The boy never cried when his mother died at 37 of ovarian cancer. He was 14.
And no tears were shed after his doctor, Philip Rosoff at Duke’s Children’s Hospital, told Bobby he had something he needed to talk to him about.
“And Bobby said, ‘Before you talk to me, Dr. Rosoff, can I ask you a question?’ And Dr. Rosoff said, ‘Yes, Bobby, you can ask me any question,’” Phillip Sherman said.
“Am I going to die?”
“And Dr. Rosoff said, ‘Bobby, I’ll never give up on you, but, yes. You’re going to die.’ You know, he ain’t shed no tear yet.”

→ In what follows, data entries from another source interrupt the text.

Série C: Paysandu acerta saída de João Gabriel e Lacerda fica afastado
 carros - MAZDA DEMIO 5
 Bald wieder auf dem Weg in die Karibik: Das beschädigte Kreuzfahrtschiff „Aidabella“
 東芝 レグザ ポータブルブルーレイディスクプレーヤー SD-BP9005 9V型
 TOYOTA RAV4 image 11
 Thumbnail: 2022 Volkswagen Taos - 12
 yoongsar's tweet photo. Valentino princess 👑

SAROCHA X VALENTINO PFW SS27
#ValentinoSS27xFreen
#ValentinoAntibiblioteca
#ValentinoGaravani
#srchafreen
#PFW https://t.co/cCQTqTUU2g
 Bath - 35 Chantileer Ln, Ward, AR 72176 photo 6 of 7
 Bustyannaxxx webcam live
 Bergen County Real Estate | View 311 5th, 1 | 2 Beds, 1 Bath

In the last year, after earning his high school degree, Bobby mostly stayed home while his father went to work at Competition Automotive Service in Spring Lake. Bobby cooked for himself. Showered. Dressed himself. When he felt like it, he rode his bicycle around the neighborhood or played video games. Bobby loved the fighting games, and he was good at them.
Blindness never stopped Bobby from independence.
It was the only way he ever knew in a life that ended too soon.
“All I did,” Phillip Sherman said, “was drive him around to the store or to Fun Fun Fun or get him something to eat and be his friend.”
Bobby is being cremated. A memorial service is scheduled for 7 p.m. Thursday at Friendship Baptist Church in Hope Mills.
On Aug. 13, Jean Bowden had one of her last opportunities to spend some “Aunt Jean and Bobby time.”
That was when she presented him the picture of Carrie Underwood. Bobby smiled after he told her it was beautiful.
“That was all I needed,” she said. “My job was to make him smile.”
He set the framed picture of the singer beside the television. Though it might not make sense to some, Bobby kept it there so he could see it.